In the original T5 paper the tasks are described in english and with a single representation, for example: 
 
    Source String: "translate {}"
    Target String: "to {}"
 
In this work we add a few variations to this. The first variation is that the task will be described in multiple languages, for starting:

* English
* Spanish
* French
* German

The second change is that instead of a single description of the task, there will be multiple ones and they'll be chosen randomly.

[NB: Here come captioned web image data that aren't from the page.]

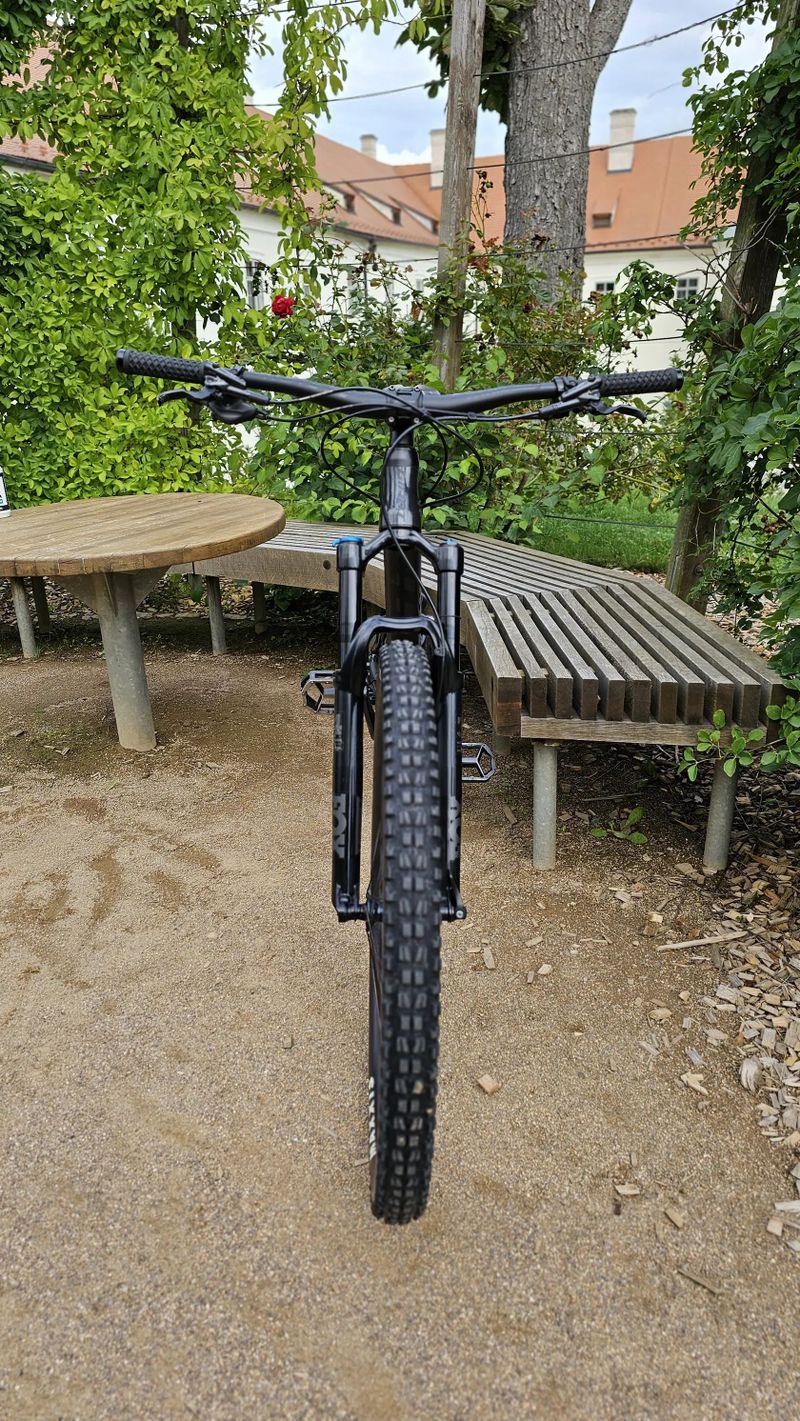 Giant Trance 1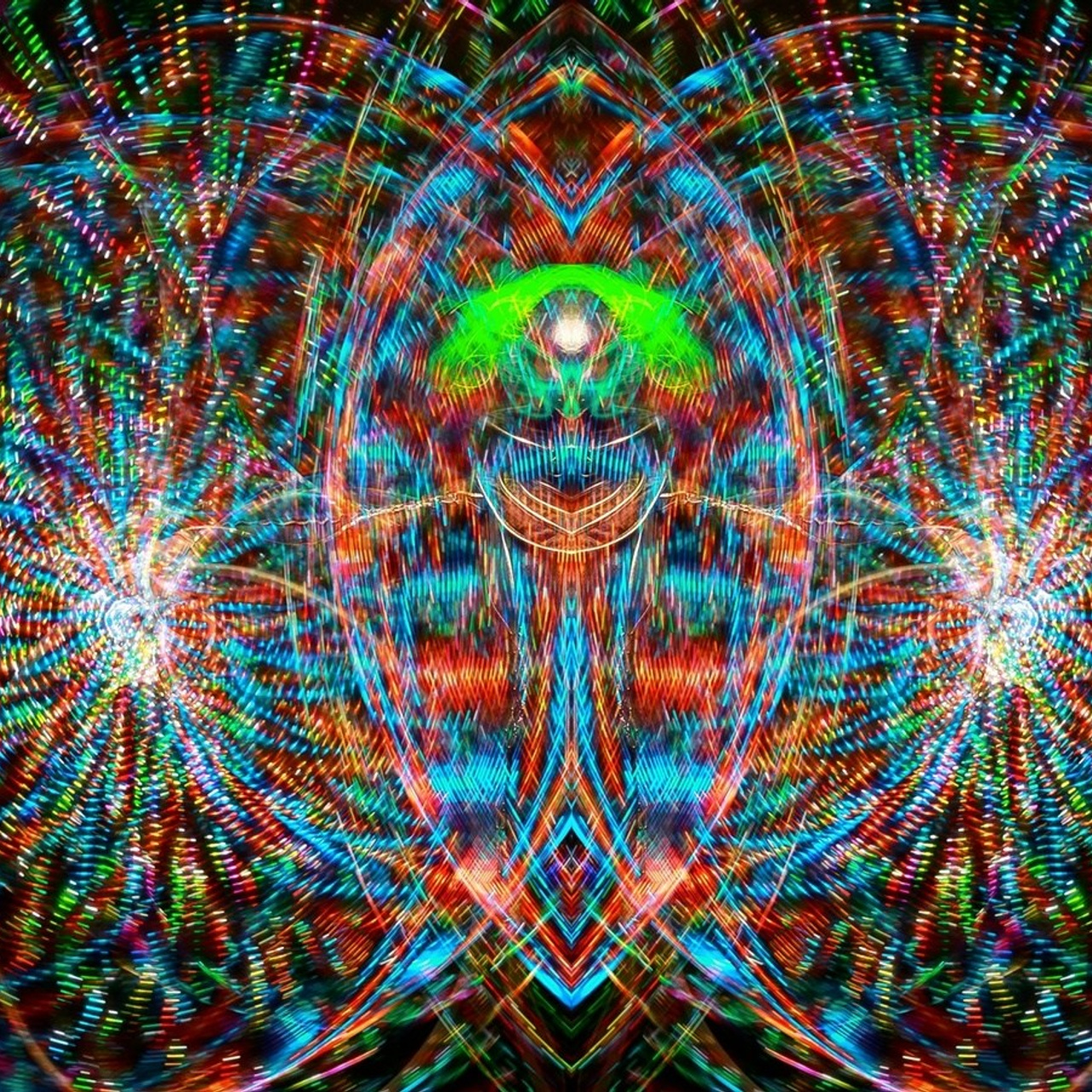 Надя Зайцева художник фотограф люминограф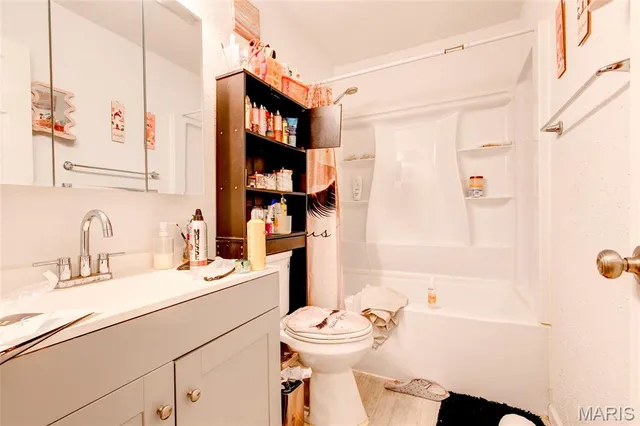 $500,000 | 1001 College Avenue, Alton, IL 62002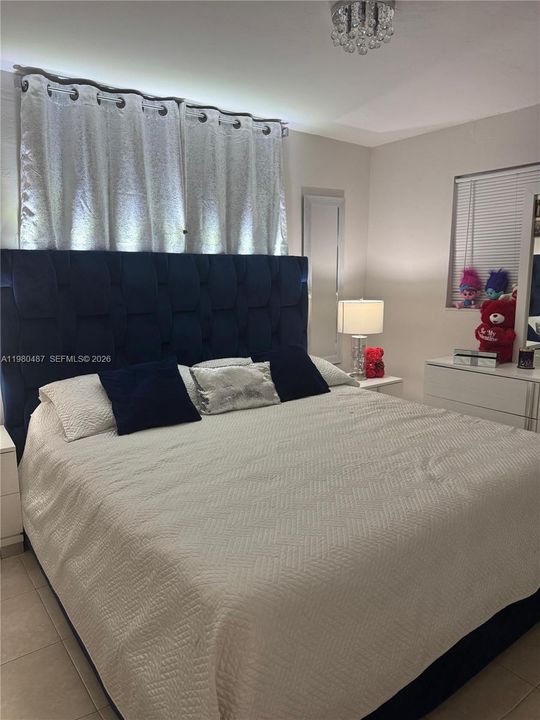 En Venta: $529,000 (3 camas, 2 baños, 1128 Pies cuadrados)
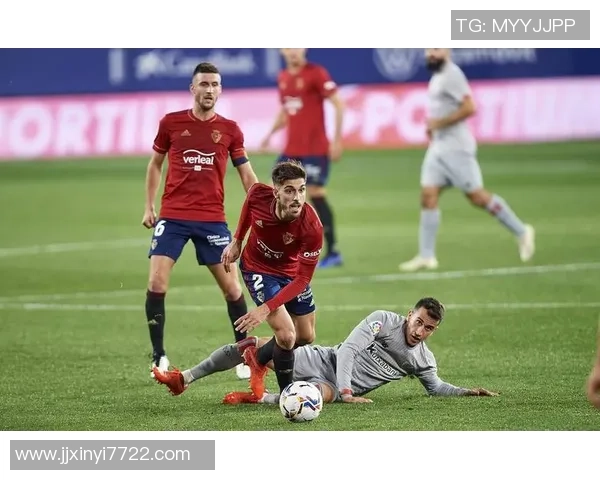 谢周三与女王巡游历史交锋记录分析与战绩回顾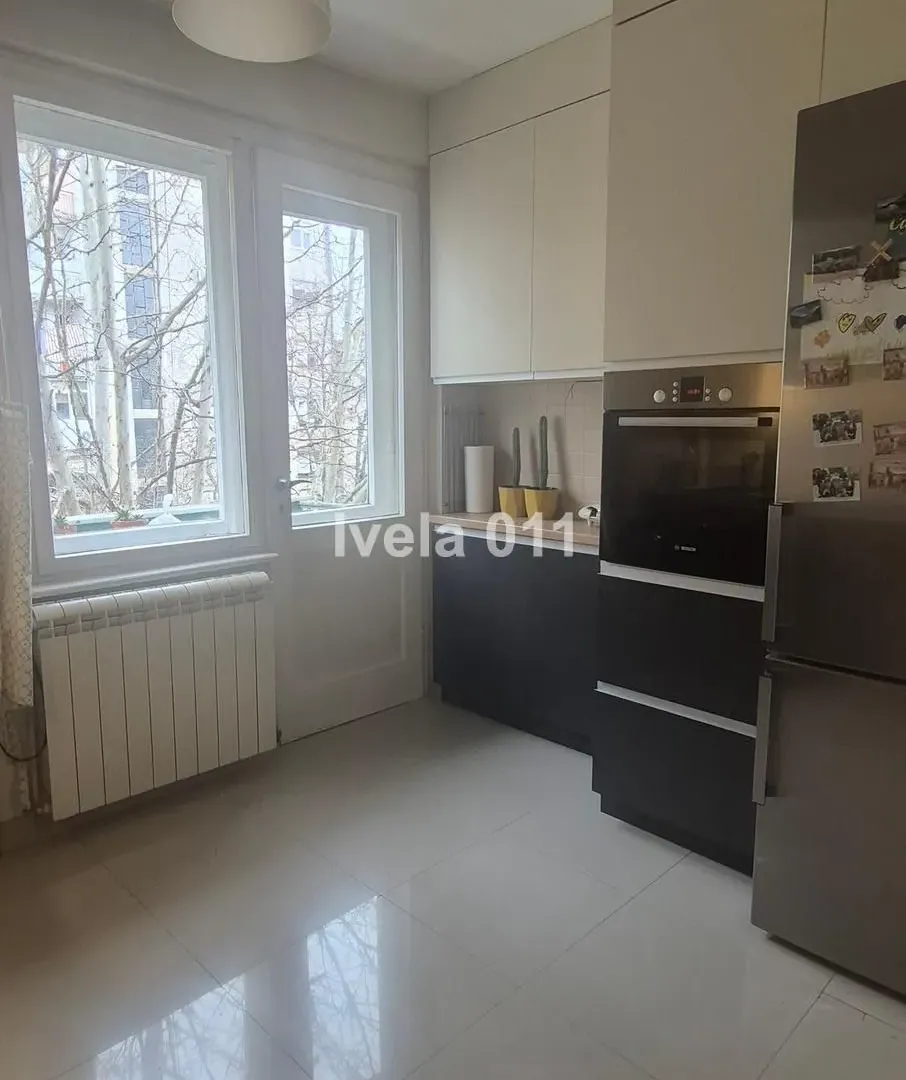 Sale, two bedroom apartment, 72m², Kalenić Pijaca, Vračar Sve Podlokacije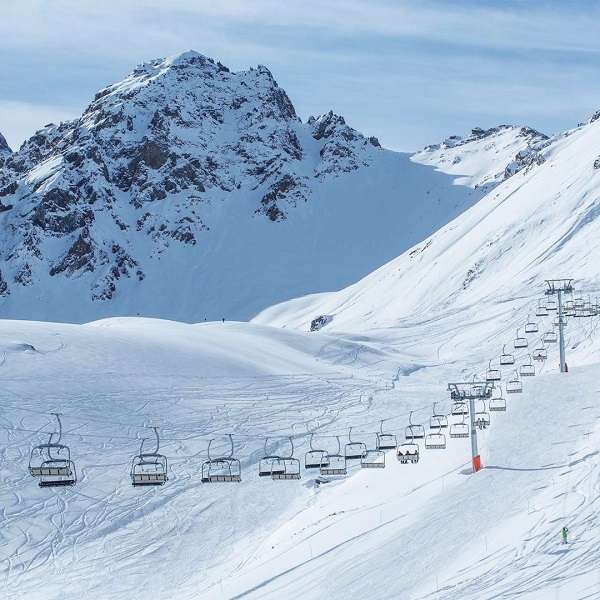 Alpine Eco-hotel Tenir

Examples for language translation:
 
    " Cómo se dice: {} en {} ?"
    " Traducir: {} al {}."
    " Por favor traduce: {} al {}"
    " Traduce: {} al {}"



## Datasets List to process/analyze

* ~~MUSE~~ Issue downloading data, only multilang dictionaries available
* GLUE
    - [CoLA](https://nyu-mll.github.io/CoLA/); [Neural Network Acceptability Judgments ](https://arxiv.org/abs/1805.12471); [Source Code](https://github.com/nyu-mll/CoLA-baselines)
    - MNLI
    - MRPC
    - QNLI
    - QQP
    - RTE
    - SNLI
    - SST-2
    - STS-B
    - WNLI
* SuperGLUE
    - BoolQ
    - CB
    - COPA
    - MultiRC
    - ReCoRD
    - RTE
    - WiC
    - WSC
* MultiNLI
* SNLI
* XNLI
* UD-Treebank v2.5
* SWAG
* WikiMatrix

## Unsupervised Datasets

* Gutenberg
* Wiktionary
* Wikipedia
* ArXiv
* Wikitext-2
* Wikitext-103

### CoLA




In [2]:
import torch
from torchtext.data import TabularDataset, Field


In [None]:
cola_path = "~/"
cola_src = Field(sequential=True,
                tokenize=lambda x:x  # character level tokenization
                 include_lenghts=True,  # 
                )
cola_tgt = Field(is_target=True)
mt_train = TabularDataset( path='/path/to/file.tsv', format="TSV", fields=(_, cola_trg, _, cola_src))